Spanner is a large distributed relational database deployed within Google. Spanner is able to make good performance vs consistency tradeoffs by considering uncertainty and its necessity in determining correctness. This is done by creating an API that directly exposes clock uncertainty: Spanner calls this the TrueTime API.
Spanservers support many tablet data structures, each of which contains a mapping of a key and timestamp to a string. Timestamp is important and makes Spanner more like a multiversion database than a key value store like Bigtable.
Tablets are used in the Colossus distributed filesystem. Each tablet (bag of mappings) is replicated using its own Paxos state machine. Writes initiate the Paxos protocol at the leader, and reads access state directly from the underlying tablet at any replica that is sufficiently up to date(?)
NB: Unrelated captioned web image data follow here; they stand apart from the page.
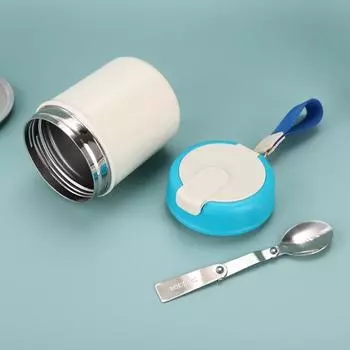 Вакуумный ланч-бокс из нержавеющей стали, контейнер для еды без содержания бисфенола А со складной ложкой, широкий розовый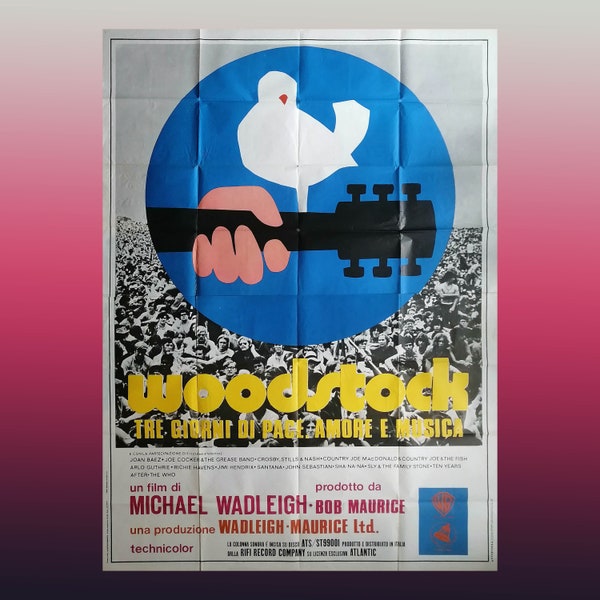 Affiche originale 4F Woodstock Trois jours de paix, d’amour et de musique - 1970 - 140 x 200 CM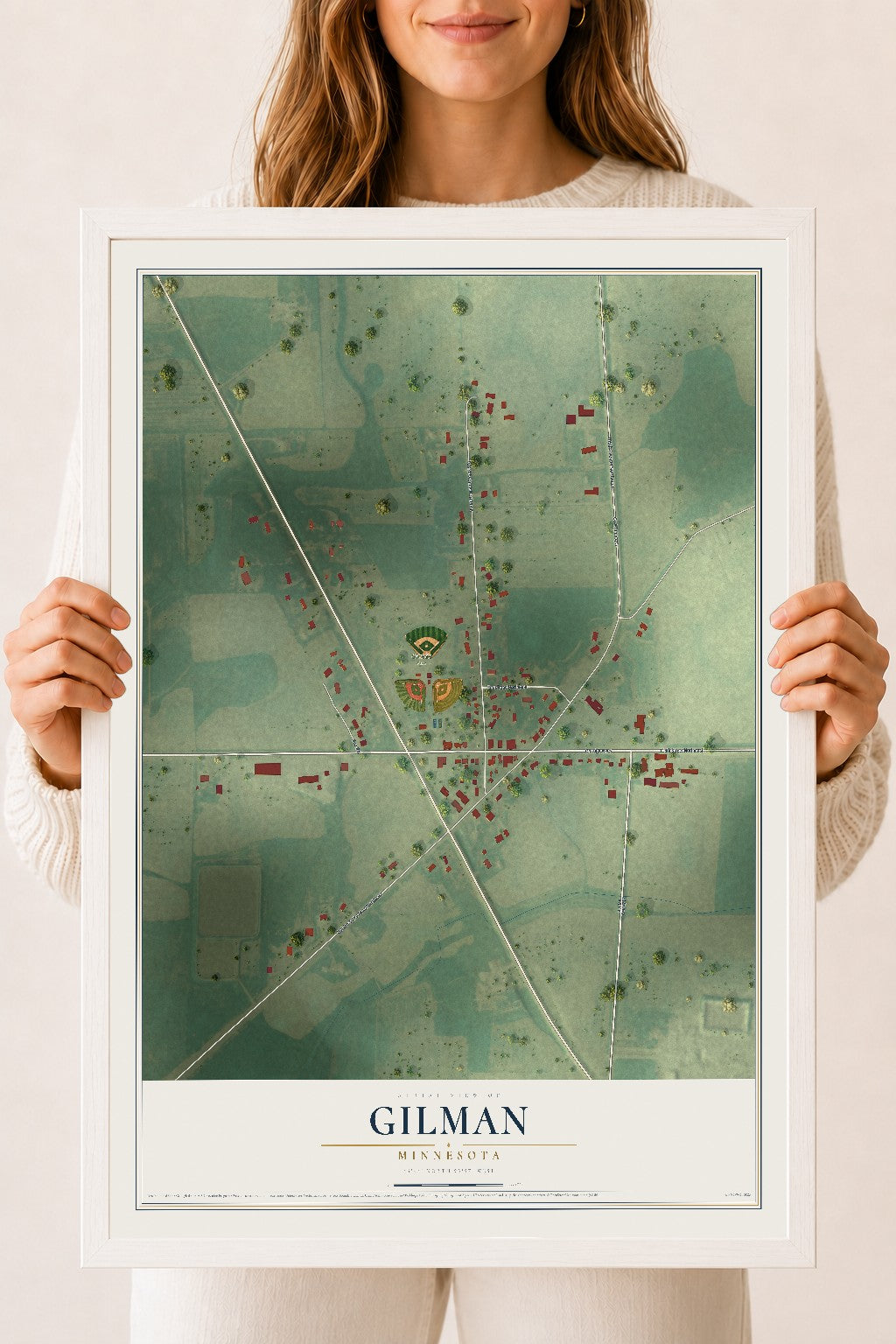Map of Gilman, Minnesota, 18 x 24 inch print in a white wood frame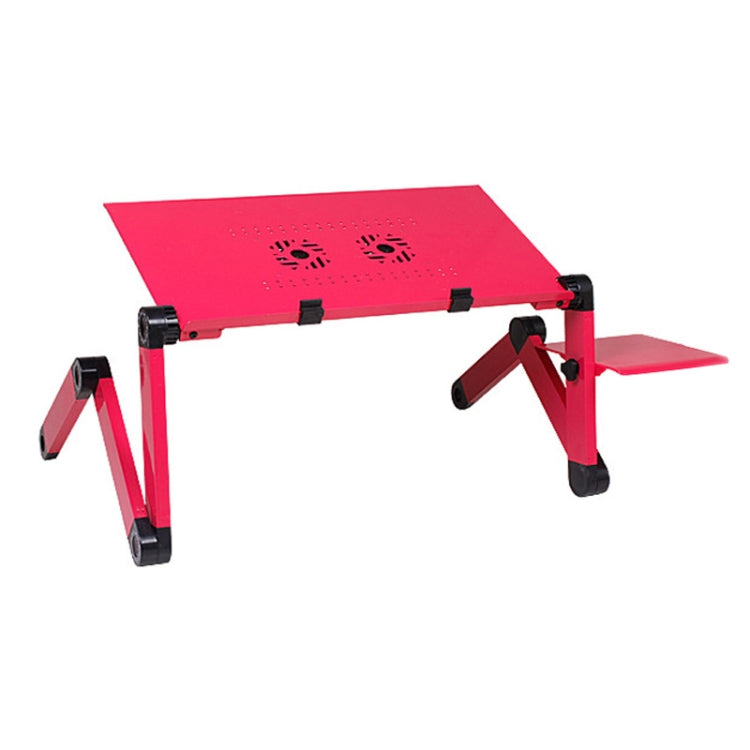 Portable 360 Degree Adjustable Foldable Aluminium Alloy Desk Stand with Double CPU Fans & Mouse Pad for Laptop / Notebook, Desk Size: 480mm x 260mm (Red)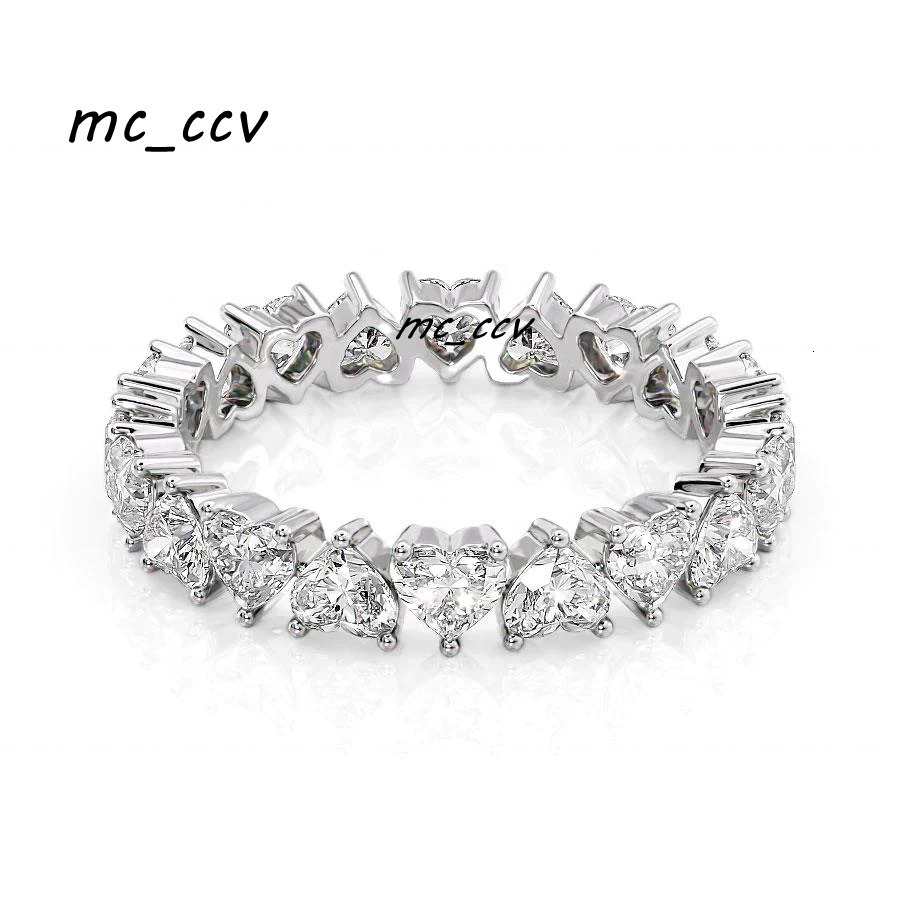 Engagement Ring 10k 14k 18k Solid Gold Heart Cut Moissanite Diamond Eternity Ring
Spanservers that are the leader of their Paxos group are required to implement a lock table for concurrency control. For this reason, it’s important to have a long-lived leader. Also, Spanner was designed with long-lived transactions in mind. The lock table lives only in the leader and is not replicated by Paxos, given how volatile it is.
Spanservers that are the leader of their Paxos group are also required to implement a transaction manager to support distriuted transactions between Paxos groups. Transaction manager can be bypassed if transactions only involve one Paxos group. But if multiple Paxos groups are required, thenthe groups’ leaders coordinate with a 2PC. The transaction manager is replicated by the underlying Paxos group.